Statistics New Zealand's Integrated Data Infrastructure (IDI) combines information from a range of government agencies (such as tax, health and education data) in order to provide the insights government needs to improve social and economic outcomes for New Zealanders. New Zealand has no national population register or unique identifier used in common across these multiple data sources, and probabilistic linkages are a feature of the IDI. A challenge for researchers is to understand the impact of linkage errors and coverage issues present in the linked data, and to develop the rules necessary to define their target population. We outline the statistical infrastructure Statistics New Zealand is developing to help researchers navigate these issues.

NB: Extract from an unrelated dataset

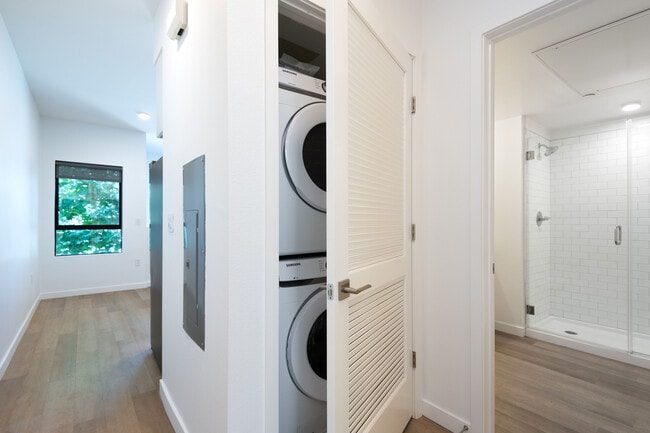 Photo - The Kalthom Building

A method has been developed to identify NZ residents at a given time from the much larger number of individuals present in the IDI. Census data linked to the IDI offers insight into the coverage of key population groups and the quality of the attribute information held in the IDI (e.g. location and ethnicity). We are assessing ways that Statistics New Zealand could use these findings to assist researchers in forming their population of interest and assess the potential for bias.
The derived administrative resident population is compared with the official population figures and patterns of under- and over-coverage are identified at an aggregate, and individual level. Some coverage discrepancies may be improved through reducing linkage errors. Comparison with census data reveals some significant quality issues with location and ethnicity variables in administrative collections. Work is underway to improve methods for combining information from multiple sources of varying quality.
Identifying NZ residents at a given time, and quantifying errors in administrative data sources will assist researchers ability to recognise and adjust for these errors in their analysis. Simply quantifying (often for the first time) the limitations of administrative sources also provides impetus to improving the collection of these variables at source.